Nacoa heißt die Interessensvertretung für Kinder aus Suchtfamilien mit Sitz in Berlin. Der Verein hat 2011 die deutschlandweite Aktionswoche erstmals initiiert. Das Netzwerk Kindeswohl schließt sich in Zusammenarbeit mit der Stadt in diesem Jahr an. Als Kooperationspartner sind des Weiteren die Stadtbibliothek, die Suchtberatungsstelle Nidro und das Haus der Familie K.E.K.S. dabei.

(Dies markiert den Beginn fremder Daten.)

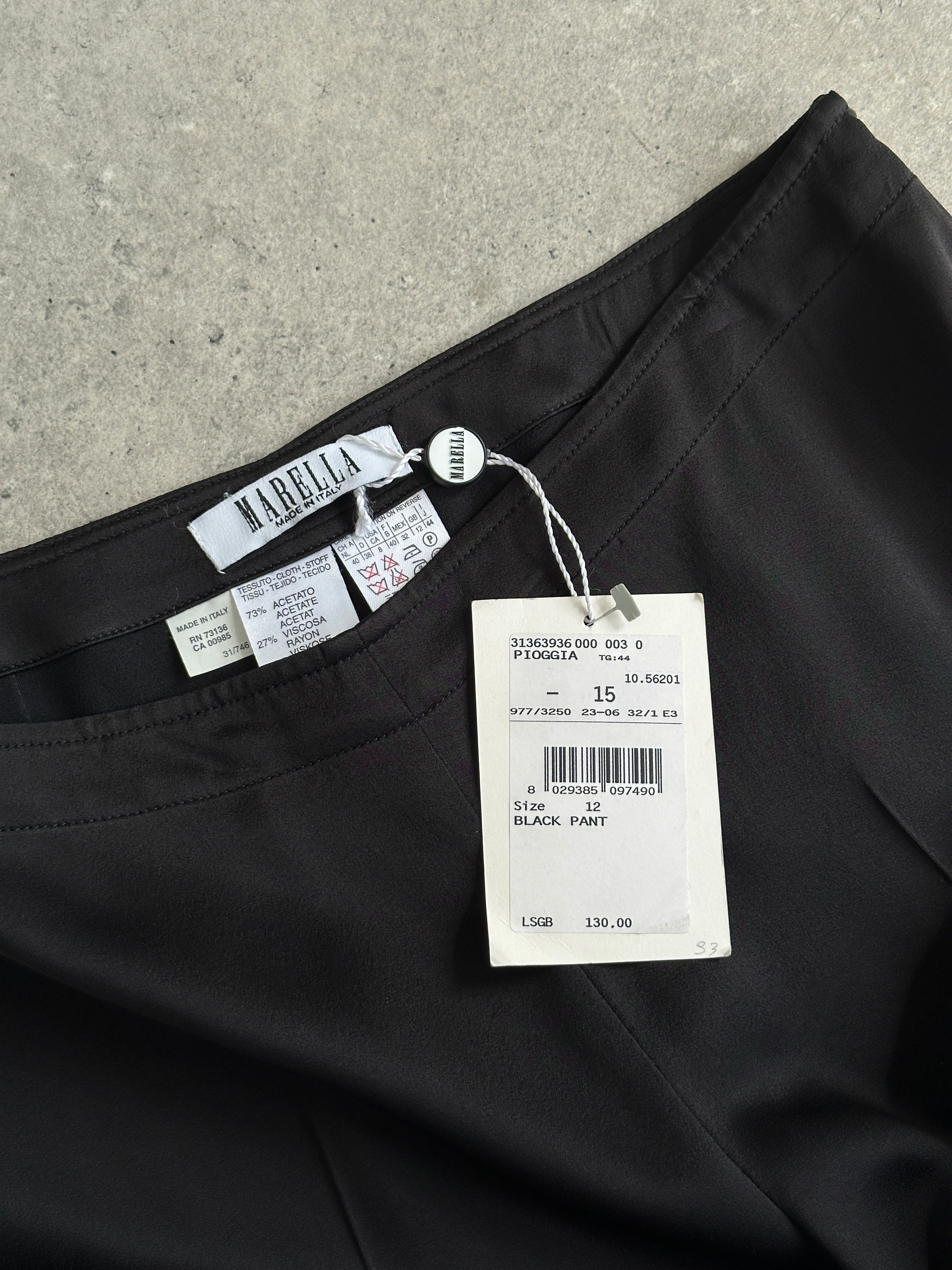 Marella 2000s loose straight-leg trousers in size W30, beige fabric, showing waistband and relaxed fit.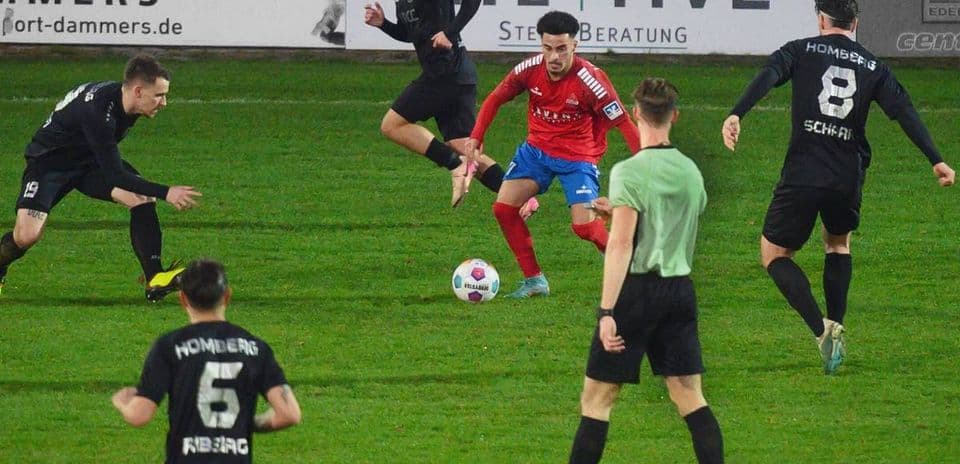 Players competing for the ball in football match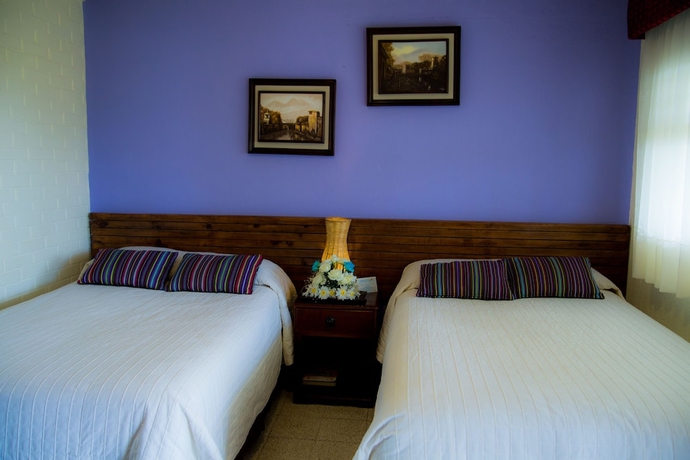 Imagen de la habitación del Hotel Y Centro De Convenciones Jardines Del Lago. Foto 15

Ein Drittel wird selbst abhängig

Die Notwendigkeit, auf das Problem aufmerksam zu machen, zeigen Erhebungen. 2,6 Millionen Kinder unter 18 Jahren werden in Deutschland in alkoholbelasteten Familien groß. Hinzu kommen zwischen 40 000 und 60 000 Kinder, deren Eltern drogenabhängig sind. Diese Zahlen zitiert Viviane Hipp von der Nidro-Fachstelle Frau und Sucht im Vorfeld der Aktionswoche. Seit Juni 2022 leitet sie diese und hat bereits erfahren, wie schwerwiegend eine Suchtkrankheit und im Besonderen deren Folgen sein können.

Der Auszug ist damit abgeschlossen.